Tune of the day #273

It’s surprisingly difficult to find videos of off-track music from 1980 to 2005, even when an album had a Roger Dean cover. That was before YouTube, but too recently for the recordings to be of antiquarian interest. Consequently there is very little available to represent such eccentric bands as Birdsongs of the Mesozoic, and few of their earlier recordings are available there. BotM is classified as “RIO/Avant-Prog” at Prog Archives. Unlike most artists in that classification, they are generally fairly pleasant and not difficult to listen to, though not remotely radio-friendly.

Today’s quote

Grim:

The good argument in favor of billionaires — trillionaires, now — is that one person can make a decision about how to deploy substantial capital in efficient ways that a government, a corporation, or a committee can never. Musk is building space rockets and tunneling equipment that could build a Mars colony because he wants to, not because of fiduciary duty or because spreadsheets suggest it is wise. We are lucky that the world’s richest man loves Buck Rogers rather than Karl Marx.

Notes from the Department of Circular Communications

A query about “armchair paleontology” in the Halupedia led circuitously to an entry about Auguste Dubois-Lacroix (b. 1842, Paris; d. 1907, Pont-de-Chéruy), “an individual whose primary professional skill was the avoidance of notice.”

… a highly unremarkable civil servant whose posthumous notoriety arose from the ADLB, a complex and ultimately unsuccessful initiative he spearheaded during his tenure at the Ministry of Applied Obfuscation.1

… The stated objective of the ADLB was to enhance the clarity and efficacy of government communications by making them deliberately more difficult to understand. The underlying philosophy, according to contemporary documents attributed to Lacroix, was that true administrative efficiency lay in preventing unauthorized comprehension.

… Under Lacroix’s direction, the ADLB developed a series of groundbreaking techniques. These included the systematic introduction of non-sequiturs, the invention of new verb conjugations requiring three or more preceding subordinate clauses for correct interpretation, and the mandatory inclusion of obscure references to the Catalogues of Unnecessary Objects. The notorious Protocol of Ten Thousand Delays, a prime example of ADLB’s methodology, became legendary.

Roadrunner with flying armadillos

An inquiry about the flying armadillos of west Texas led quickly to the Archives of Misplaced Endeavors, the Project to Quantify the Weight of Apathy, and the Ministry of Futility Studies.
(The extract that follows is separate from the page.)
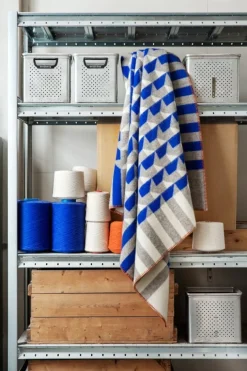 Røros Tweed Kvam throw, 135 x 200 cm, blue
Further research touched on the Treaty of the Fourth Dimensions Annexation, Viking Pineapple Relocations circa 975 CE, the Society for the Advancement of Spurious Mathematics, Chronometric Discontinuity, and many more remarkably obscure topics.
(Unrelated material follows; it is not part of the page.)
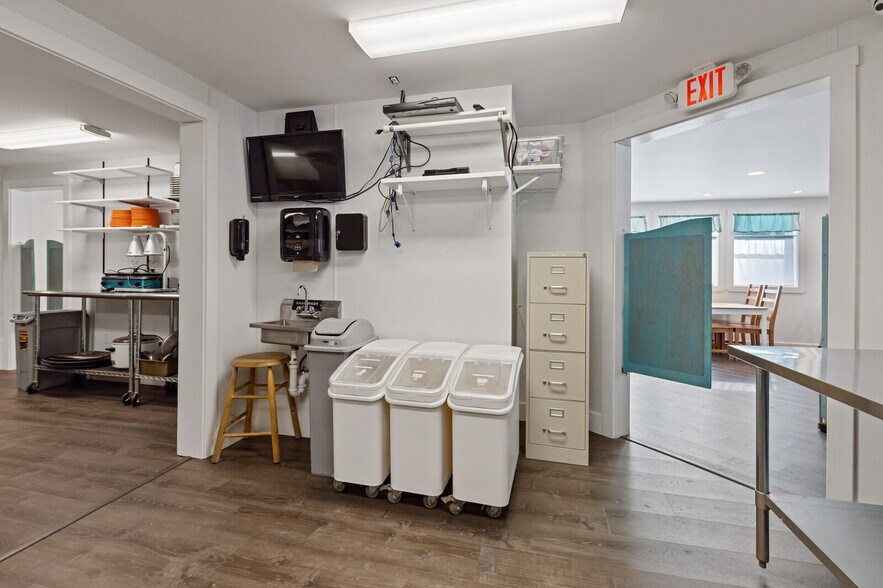 More Photos Of 205 W Main St, Liberty Restaurant For Sale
So it seems that not only can AI assemble listenable songs, realistic photographs and incalculable reams of prose of many kinds, it is capable of passable satire as well. (The entire prompt for the top illustration was “Ministry of Applied Obfuscation.” GPT added all the verbiage, not me.) I still prefer the scholarship of Will Cuppy, Alan Coren and Henry Beard, but as an occasional satirist myself, I find Halupedia disquietingly competent. Has AI developed a sense of humor?

Today’s proposition

Devon Eriksen (via Nicholas):

Heinlein was one of the 20th century’s greatest authors, if not THE greatest, and he was also the 20th century’s greatest philosopher and it’s not even close.
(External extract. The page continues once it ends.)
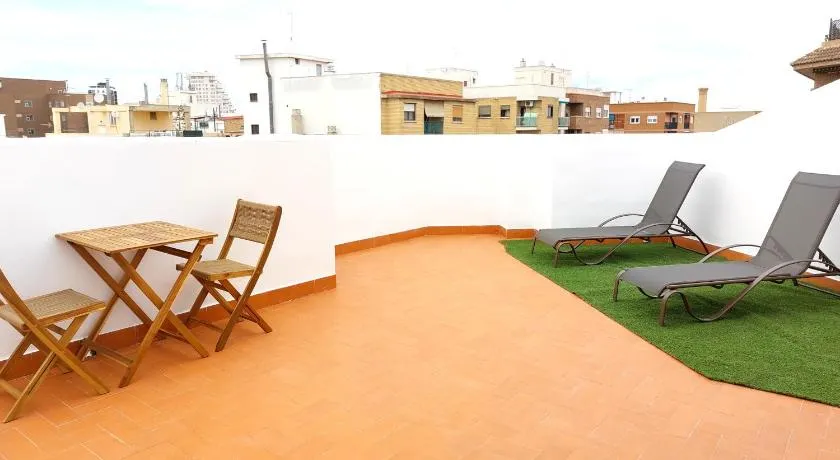 ATTIC ROOMs VALENCIA - Image 1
Is this defensible? I’ve read an immense amount of science fiction but little Heinlein2, and what Heinlein I have read didn’t particularly impress me. Are there depths to Starship Troopers and The Moon is a Harsh Mistress that are missing in what I have read?

Update from Robbo: “I’d have sent Evelyn Waugh, C.S. Lewis, Tolkien, Charles Portis, and Plum Wodehouse into the lists, but I’m not sure what the rules of engagement are.”